**REQUIREMENT**
The data is to be repeated exactly, with the images removed.

**EXERCISE DATA**

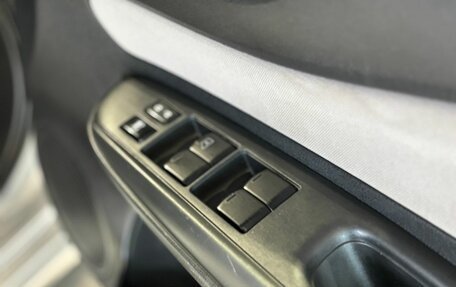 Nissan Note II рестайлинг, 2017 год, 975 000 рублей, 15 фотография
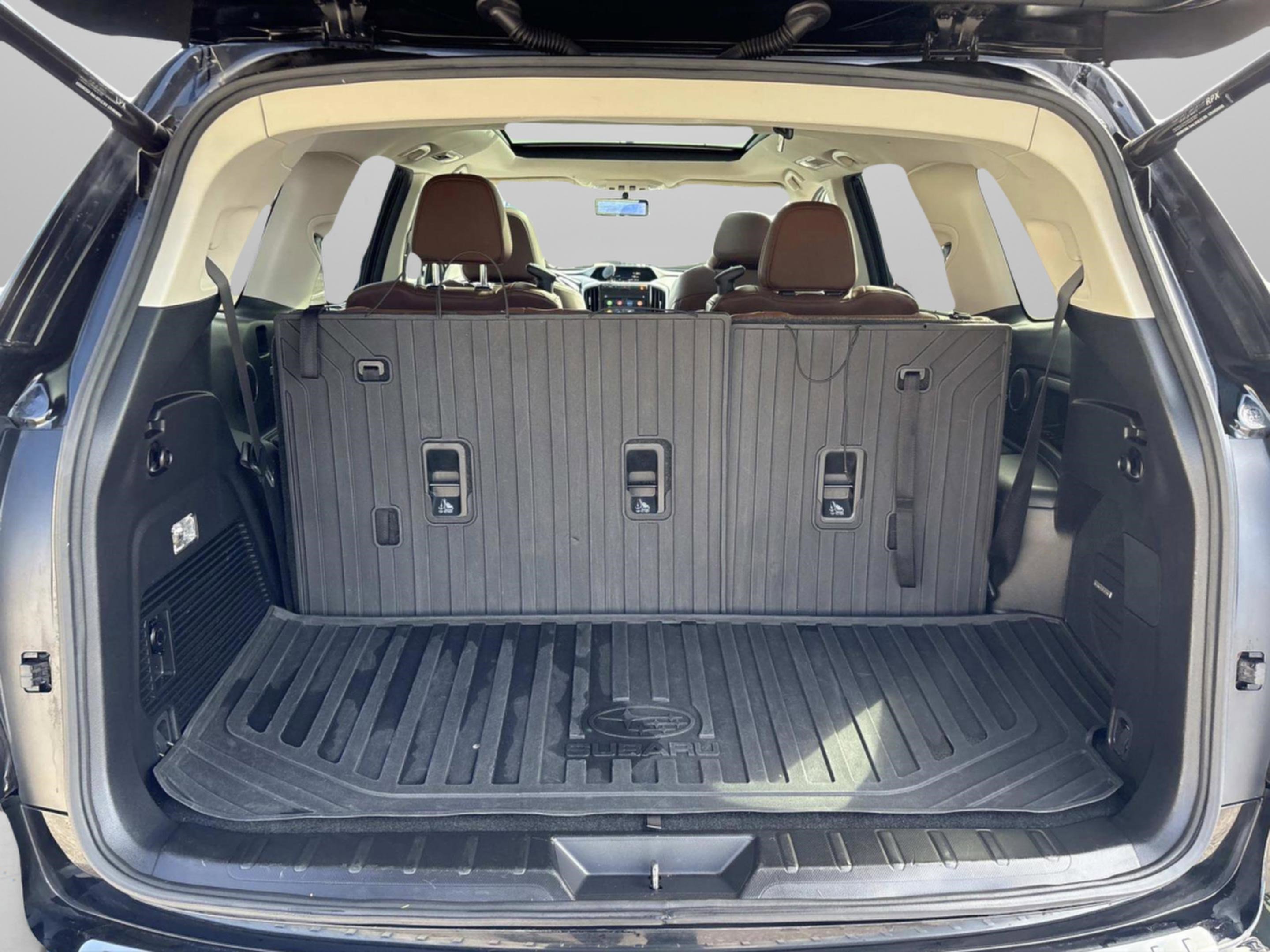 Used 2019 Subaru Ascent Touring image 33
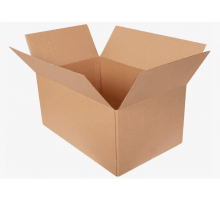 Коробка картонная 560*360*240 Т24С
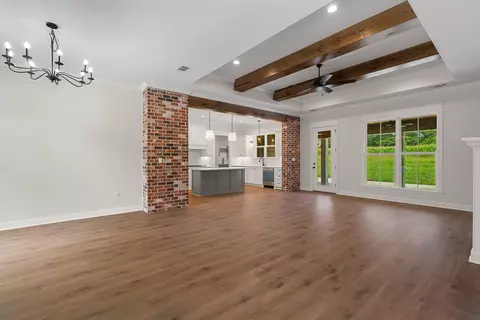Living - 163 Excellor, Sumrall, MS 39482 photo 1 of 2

**RESULT OF THE TASK**
 Nissan Note II рестайлинг, 2017 год, 975 000 рублей, 15 фотография
 Used 2019 Subaru Ascent Touring image 33
 Коробка картонная 560*360*240 Т24С
Living - 163 Excellor, Sumrall, MS 39482 photo 1 of 2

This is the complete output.